Challenges caused by more frequent droughts, heat waves and/or floods in other major agricultural regions such as the southern U.S., Russia, South America and Europe, could ramp up demand for crops produced in the longer growing season of the Canadian Prairies. Market opportunities and prices could increase and provide better returns, as long as Mother Nature doesn’t hit the Prairies with one of her much more intense and frequent extreme weather events.
How likely is this scenario?
Researchers at Simon Fraser University (SFU) and the University of Concordia recently published a research report which concludes Canada’s climate will inevitably warm by a least two degrees over the next decade, and that’s if all greenhouse gas (GHG) emissions ceased today. Due to GHG emissions to date the world’s temperature has already warmed by 1.5 C since the beginning of the industrial era. The study shows that eliminating all emissions would still lead to an additional short-term warming over the next decade of 0.25 to 0.5 C because of the concentration of long-lived GHG’s such as carbon dioxide already present in the atmosphere.
“One to 1.5 C of global warming may not seem like a great deal,” says report co-author, Dr. Kirsten Zickfeld, an assistant professor of geography at SFU in a press release from March 2012. “But we need to realize that the warming would not be distributed equally over the globe, with mid- to high-latitude regions such as Canada, Alaska, northeastern Europe, Russia and northern China being most strongly affected. Our research shows that as a result of past emissions, a warming of at least 2 C will be unavoidable in those regions.”
Two degrees may seem pretty insignificant, but to put it in perspective, Zickfeld adds, the global temperature was only five degrees colder than today’s during the last ice age.

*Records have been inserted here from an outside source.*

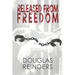 Released from Freedom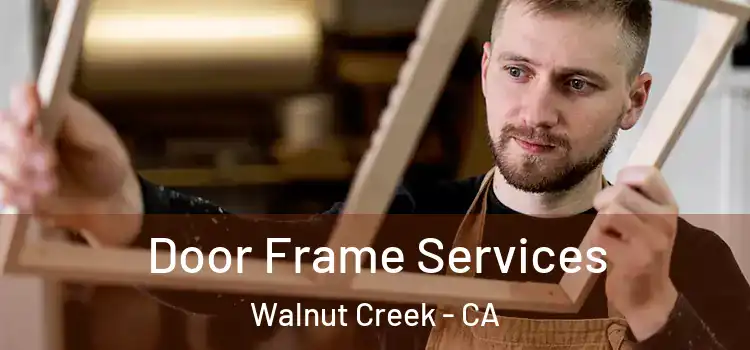 Door Frame Services Walnut Creek - CA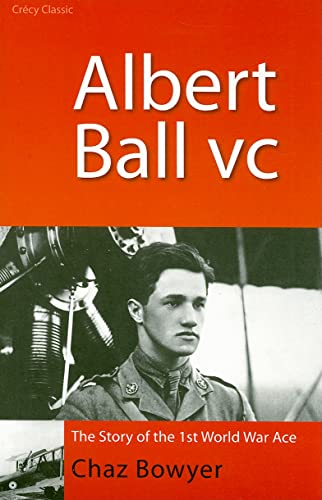 Albert Ball VC : The Story of the 1st World War Ace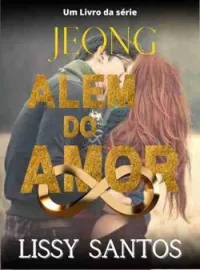 Capa do romance J E O N G - Além do amor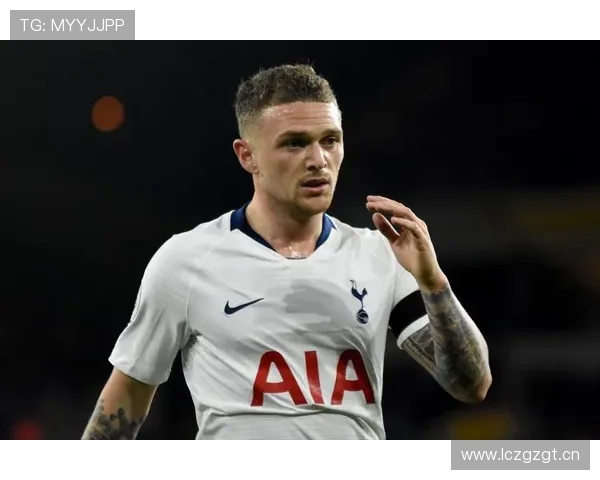 基兰·特里皮尔：欧冠决赛首发登上欧洲最高舞台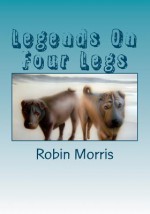 Legends on Four Legs: Dogs & Friends - Robin Morris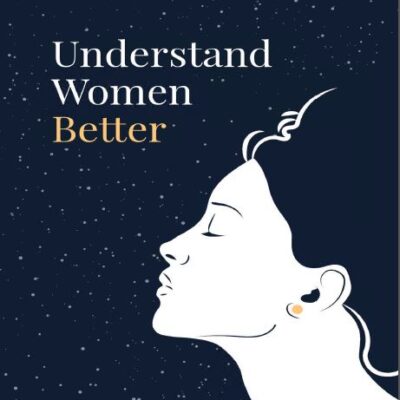 خرید و دانلود نسخه کامل کتاب Understand Women Better –  +  Pdf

The above scenario does not venture into the realm of GHG emissions continuing to rise at current rates, which is a much more likely scenario, and which is leading many scientists to predict increases in overall global temperatures anywhere in the range of 2.5 C to 6 C degrees by 2100. There’s no quick fix to the problem of climate change. Thirty-three per cent of all fossil fuel carbon dioxide emissions remain in the air after 100 years and 19 per cent are still there after 1,000 years.
When you add in the multiplier effects of other feedback processes (such as melting polar ice caps and rises in global mean sea level), it’s almost impossible to predict the extent to which localized weather patterns in many areas will be affected by climate change and in what way they will be affected.

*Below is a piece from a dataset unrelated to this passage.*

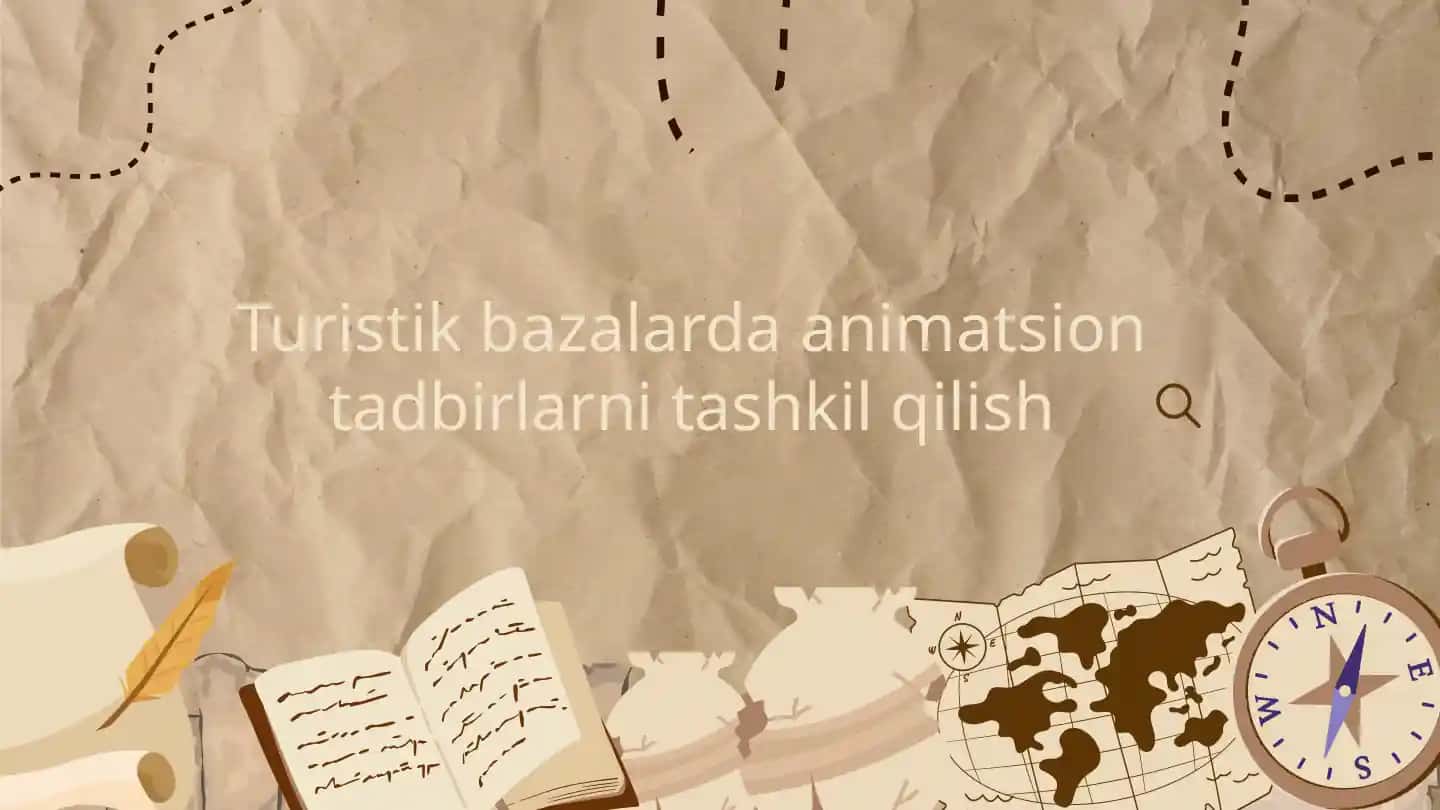 Turistik bazalarda animatsion tadbirlar va tashkil etish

Because plant and animal responses are so dependent upon temperature, water availability and carbon dioxide concentrations, and these will vary widely across the planet, it’s also hard to predict the agricultural impacts of climate change. Some areas are likely to see increased crop yields and others will see them fall. What is grown will change as drought, temperature shifts and water availability define the areas where certain crops can be grown and the areas where they cannot.

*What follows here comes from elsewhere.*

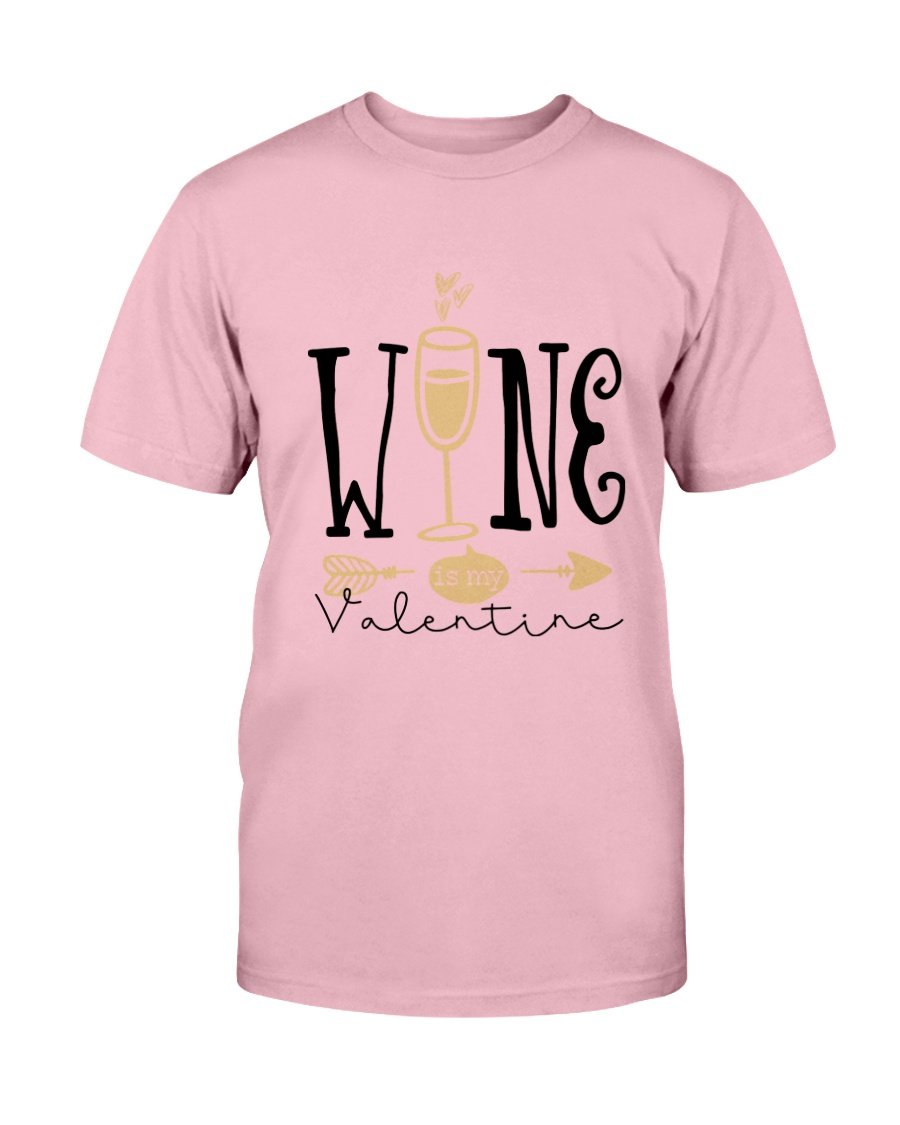 Unisex Wine Is My Valentine Shirt in various colors, showcasing a comfortable fit and high-quality print.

Extensive research and review of scientific literature to date has led Dr. David Lobell and Sharon M. Gourdji of Stanford University to conclude that global warming from 1981 to 2002 has likely already had a negative impact on some crop yields worldwide, but that impact has been more than compensated for by technological advances and increases in carbon dioxide concentrations, which overall have increased yields and masked the effect of rising temperatures.
“The results from a global-scale study, which estimated impacts for the 1980-2008 period,” say Lobell & Gourdji in their 2011 paper, The influence of climate change on global crop productivity, “[indicate that] warming trends were estimated to have lowered wheat and maize yields by roughly six and four per cent, respectively, over the 29 year period, with relatively small impacts of [precipitation] trends. Global soybean and rice yields were deemed to be relatively unaffected by changes so far. Yields for barley, maize, and wheat all increased substantially since 1980, but not as much as they would have if climate had remained stable.”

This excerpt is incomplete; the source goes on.